1. 3 story problems

1. A change machine contains nickels , dimes, and quarters. there are 75 coins in the machine, and the value of the coins is $7.25. If there are 5 times as many nickels as dimes, find the number of coins of each type in the machine. 2. The sum of the digits of a 3 digit number is 18. Three times the tens digit minus 5 times the units (ones) digit is 17. If 4 times the units digit is added to twice the hundreds digit, the result is 22. Find the 3 digit number. 3. A rectangular box is twice as long as it is wide and twice as wide as it is high.
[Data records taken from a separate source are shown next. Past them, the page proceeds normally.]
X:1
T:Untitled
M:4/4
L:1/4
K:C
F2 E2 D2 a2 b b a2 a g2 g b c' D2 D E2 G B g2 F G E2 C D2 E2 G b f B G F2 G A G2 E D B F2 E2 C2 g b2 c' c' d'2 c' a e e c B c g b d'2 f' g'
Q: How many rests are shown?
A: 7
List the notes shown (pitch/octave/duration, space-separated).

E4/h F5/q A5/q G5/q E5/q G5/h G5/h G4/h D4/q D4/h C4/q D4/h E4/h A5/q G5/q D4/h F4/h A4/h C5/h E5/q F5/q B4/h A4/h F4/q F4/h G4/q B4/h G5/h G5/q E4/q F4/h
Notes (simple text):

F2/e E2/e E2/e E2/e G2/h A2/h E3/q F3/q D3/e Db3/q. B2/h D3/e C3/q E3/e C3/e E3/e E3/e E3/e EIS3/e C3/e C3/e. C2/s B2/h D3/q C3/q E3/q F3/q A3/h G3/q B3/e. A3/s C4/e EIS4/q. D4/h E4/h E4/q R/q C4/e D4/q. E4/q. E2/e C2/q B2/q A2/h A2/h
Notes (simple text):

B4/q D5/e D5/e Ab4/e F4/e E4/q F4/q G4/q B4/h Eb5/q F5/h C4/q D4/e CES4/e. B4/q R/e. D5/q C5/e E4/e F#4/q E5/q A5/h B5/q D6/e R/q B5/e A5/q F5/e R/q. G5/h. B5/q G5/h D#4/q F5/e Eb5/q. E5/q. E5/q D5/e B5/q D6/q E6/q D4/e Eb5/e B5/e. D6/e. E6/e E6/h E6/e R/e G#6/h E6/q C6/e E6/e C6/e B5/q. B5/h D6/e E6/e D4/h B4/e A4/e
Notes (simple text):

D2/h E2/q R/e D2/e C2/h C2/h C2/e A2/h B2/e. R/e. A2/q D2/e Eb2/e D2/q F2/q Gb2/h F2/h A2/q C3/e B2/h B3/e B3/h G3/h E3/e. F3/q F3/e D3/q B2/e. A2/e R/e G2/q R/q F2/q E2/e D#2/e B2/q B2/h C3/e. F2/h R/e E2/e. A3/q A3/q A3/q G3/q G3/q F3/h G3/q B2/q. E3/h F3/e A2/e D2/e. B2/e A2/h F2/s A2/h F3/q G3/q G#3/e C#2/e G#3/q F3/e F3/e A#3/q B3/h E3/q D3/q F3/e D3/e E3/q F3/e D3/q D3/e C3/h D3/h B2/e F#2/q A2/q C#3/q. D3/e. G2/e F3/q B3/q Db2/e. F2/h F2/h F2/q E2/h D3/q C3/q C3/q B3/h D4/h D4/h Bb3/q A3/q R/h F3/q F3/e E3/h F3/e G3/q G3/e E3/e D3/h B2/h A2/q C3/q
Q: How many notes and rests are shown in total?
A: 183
The sum of its length, width, and height is 35 in. What are the dimensions of the box? and this short problem : find x and y (matrices) [ 0 2 ] [ x 4 ] = [ -2 6 ] 3 0 -1 3y 12 12 i dont know how to make then line up 2. Hello, peachgal! Here's the set-up for #2 . . . Let .$\displaystyle \begin{Bmatrix}H &=& \text{hundreds digit} \\ T &=& \text{tens digit} \\ U &=& \text{units digit} \end{Bmatrix}$2. The sum of the digits of a-3 digit number is 18: . . . . . . . .$\displaystyle {\color{blue}H + T + U \:=\:18} $Three times the tens digit minus 5 times the units digit is 17:. .$\displaystyle {\color{blue}3T + 5U \:=\:17}$4 times the units digit plus twice the hundreds digit is 22: . . . .$\displaystyle {\color{blue}4U + 2H \:=\:22} \$

Find the 3-digit number.

Now solve the system of equations . . .

3. 3. A rectangular box is twice as long as it is wide and twice as wide as it is high. The sum of its length, width, and height is 35 in. What are the dimensions of the box?

Let the height be x.
Then width= 2x
Length = 4x
Sum=7x
7x= 35
x=5
The height is 5 in, width is 10 in. and length is 20 in.